Once Steeplechase Park, with its famed mechanical horse-race ride and soaring glass gaming pavilion, shut down in the mid '60s, all that was left was an echo of the beachfront's onetime glory: the landmarked Cyclone and Wonder Wheel, and around them a collection of small-time amusements offering arcade games, Skee-Ball, and the occasional carnival ride and spook house.
But the crowds never stopped coming. In the 1970s, when the great old bathhouses along the boardwalk seemed to be burning daily, millions of people a year still visited. Even now, the tattooed hipsters who visit Sideshows by the Seashore or the annual Mermaid Parade are still far outnumbered by the throngs of mostly working-class families who descend on Coney Island every summer for the same reasons they always have: sand, sun, and entertainment, all for the price of a subway ride and a fistful of game tokens.
"It's always been popular with people of small means who can't afford to go anywhere else," Denson says. It's also served as a place for new immigrants to gain a foothold in running businesses. "You didn't need a lot of money to get in," he adds. "You could run a game or an attraction for the season and make enough money to get ahead."

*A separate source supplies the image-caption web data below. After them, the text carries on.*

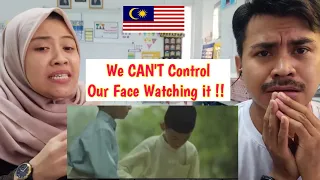 Indonesians React to Hari Raya TV Commercial from Malaysia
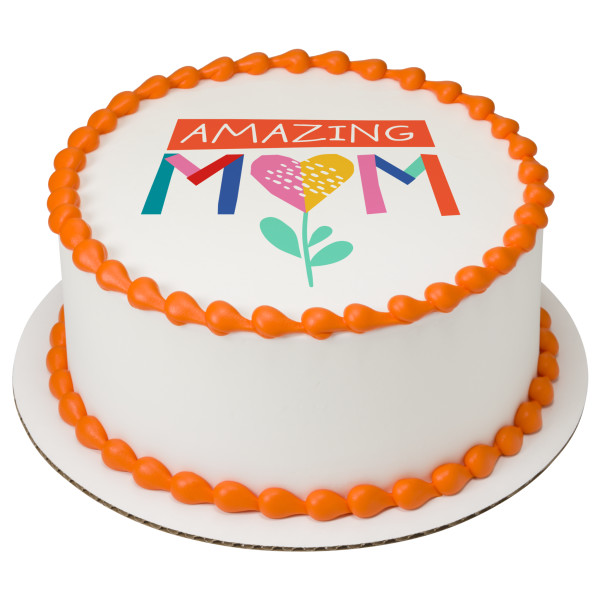 Happy You Day Variety Edible Image®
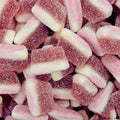 Sour Cherry Slices 100G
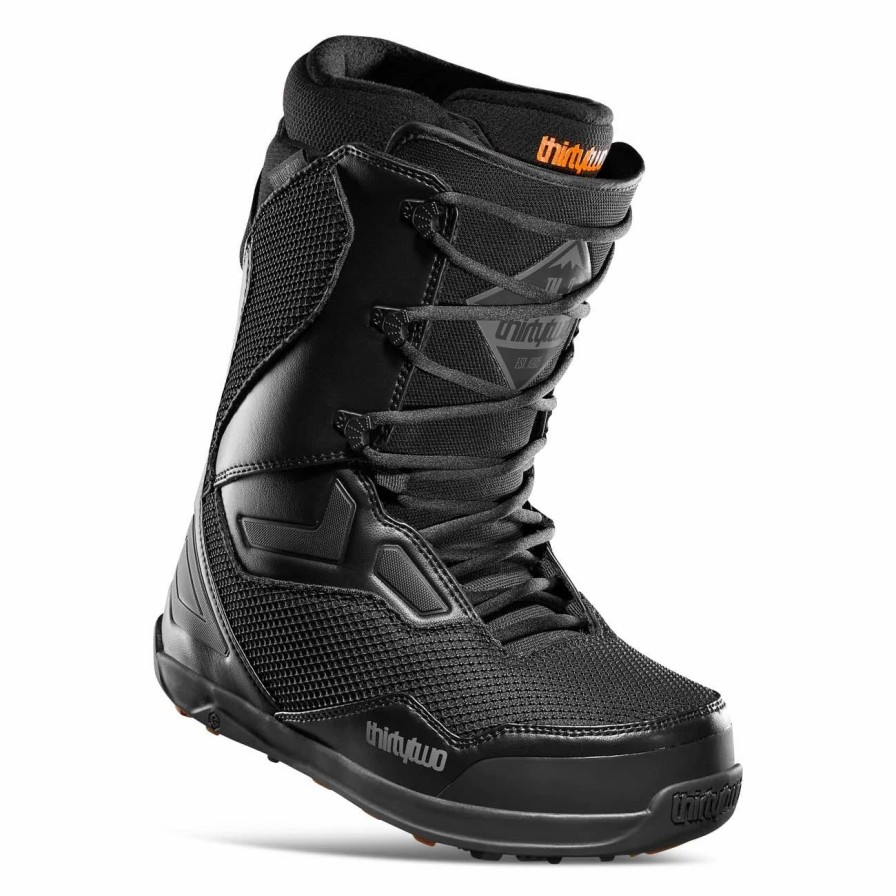 Boots * | Thirtytwo Tm-2 2023 Black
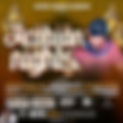 Get Ready for Westiro’s Birthday Celebration: An "Arabian Nights" Experience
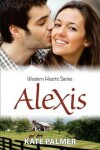 Book cover for Alexis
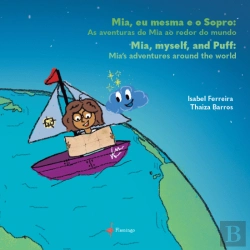 Bertrand.pt - Mia, Eu Mesma e o Sopro | Mia, Myself, and Puff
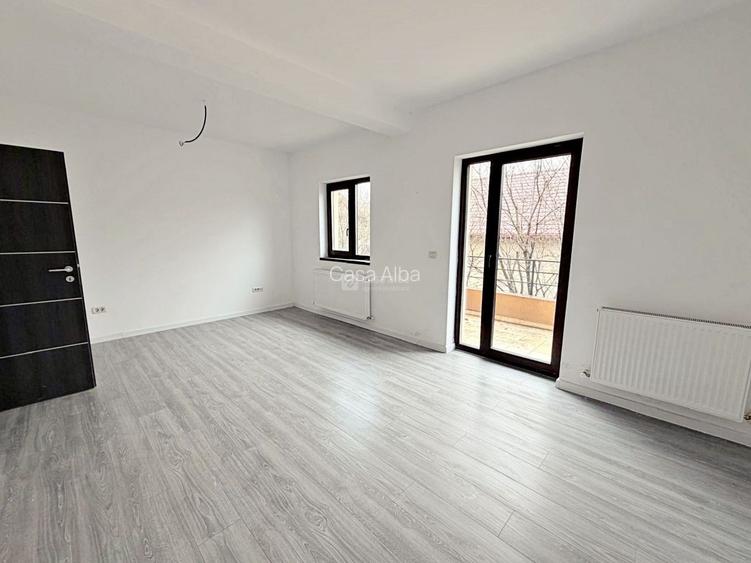 Valea Lupului, locuinta noua P+E+M, 210mp teren, PARCARE, predare imediata - 9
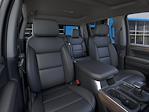 New 2025 Chevrolet Silverado 1500 LT Crew Cab 4WD Pickup for sale #25T1211 - photo 16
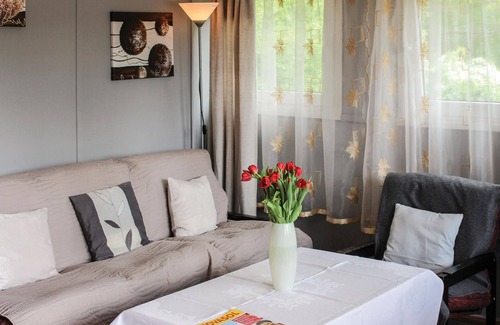 Gledy House | 1 bedroom lovely home in Morag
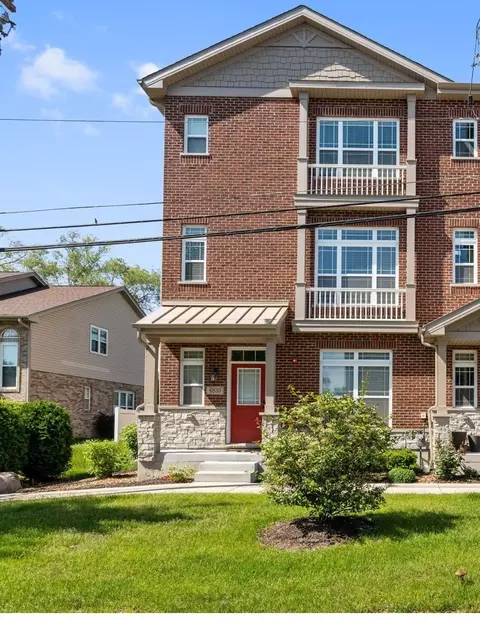 6830 179th St, Tinley Park, IL 60477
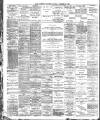 Barnsley Chronicle Saturday 15 December 1900 Page 4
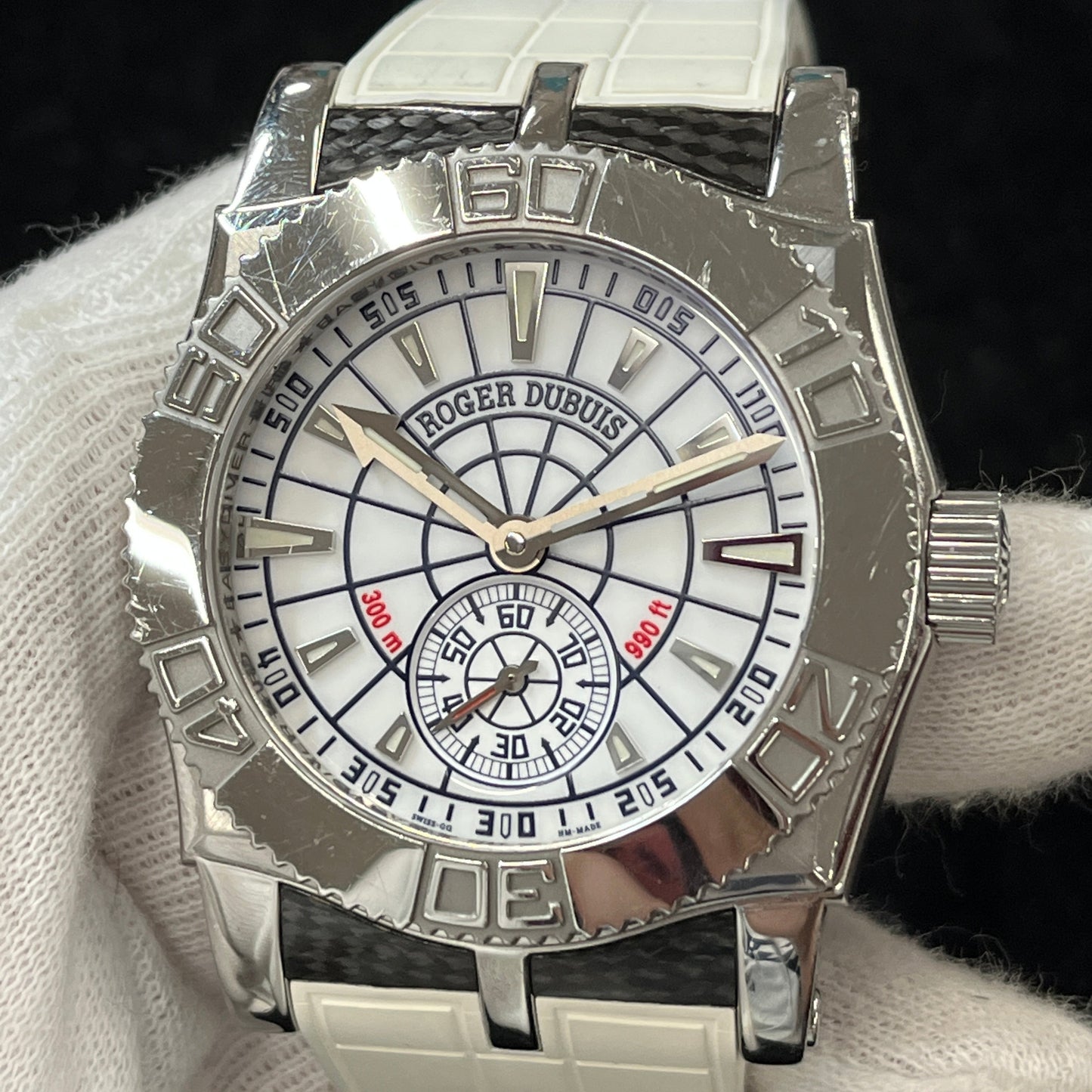 SE431491 Easy Diver 2RGD01-00059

Rumored casinos and other phantom developments never materialized, and for decades it seemed Coney Island would remain in slowly crumbling stasis. Then, in 2001, Mayor Rudy Giuliani spent $39 million to build KeySpan Park for the minor league Brooklyn Cyclones on the old Steeplechase site. (He also razed the derelict Thunderbolt next door, sending in bulldozers at 6 a.m. to pre-empt those who were hoping to have the 75-year-old wooden coaster landmarked and perhaps reopened.) Another $240 million in MTA money followed to build the airy new Stillwell Avenue subway terminal, and city-built comfort stations and playgrounds began sprouting along the beachfront.